For share-link callers (no auth needed):

POST /shares/<token>/predict

Auth

Authorization: Bearer <PFNSTUDIO_TOKEN>

Get a token from /api-tokens — see API tokens.

Share-link callers omit the Authorization header; the token in the URL is the credential.

Request body

The shape varies by task type. The Try-it form picks the right shape automatically; HTTP callers must pick.

Regression

{
"context": {
"x": [[1.0, 2.5], [3.0, 1.8], [4.5, 0.9]],
"y": [5.1, 4.3, 2.0]
},
"query": {
"x": [[2.2, 1.4], [3.8, 0.7]]
}
}

context.x is a 2-D array (rows × features). context.y is a 1-D array (one scalar per context row). query.x is rows of the same width as context.x.

Classification

{
"context": {
"x": [[0.1, 0.4, ...], [0.9, 0.2, ...]],
"labels": [0, 1, 1, 0, 1]
},
"query": {
"x": [[0.2, 0.5, ...]]
}
}

labels is a 1-D array of category indices.

Time-series (forecast)

For prior types like AR(2) or TabPFN-TS, the basic-mode form sends a single column of past values; the studio’s predict packer transforms it into the model’s expected feature shape (lags + calendar features for TabPFN-TS style).

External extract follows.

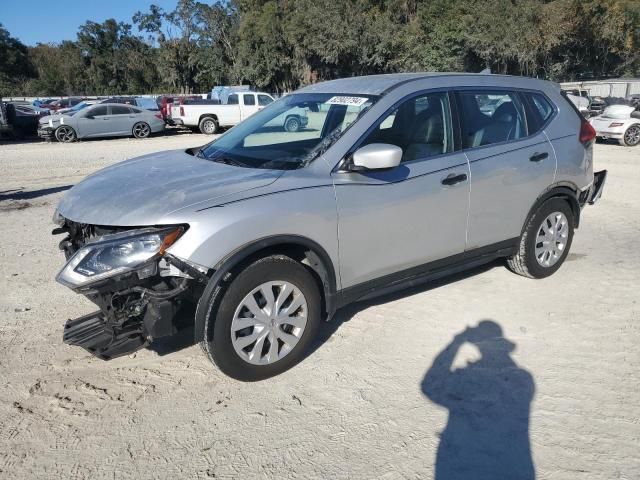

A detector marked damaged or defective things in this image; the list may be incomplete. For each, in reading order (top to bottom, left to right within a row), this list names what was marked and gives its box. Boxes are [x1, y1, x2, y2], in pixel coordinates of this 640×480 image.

front end damage [54, 218, 210, 360]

If you’re calling the API directly for a time-series brain, send the already-engineered features:

{
"context": {
"x": [[lag_1, lag_2, ..., sin_phase, cos_phase, step_pct]],
"y": [target_value]
},
"query": {
"x": [[...]]
}
}

Inspect the brain’s model spec via GET /projects/<id>/models/<modelId> to see the exact d_in.

Discovery (causal)

Not supported via the Predict API. Use the advanced view at /projects/<id>/runs/<runId> directly.

Response

{
"predictions": [5.1, 4.3, 2.0, ...]
}

predictions is a 1-D array, one entry per query row. Type depends on the task:

  • Regression → number
  • Classification → number (0 or 1, or class index)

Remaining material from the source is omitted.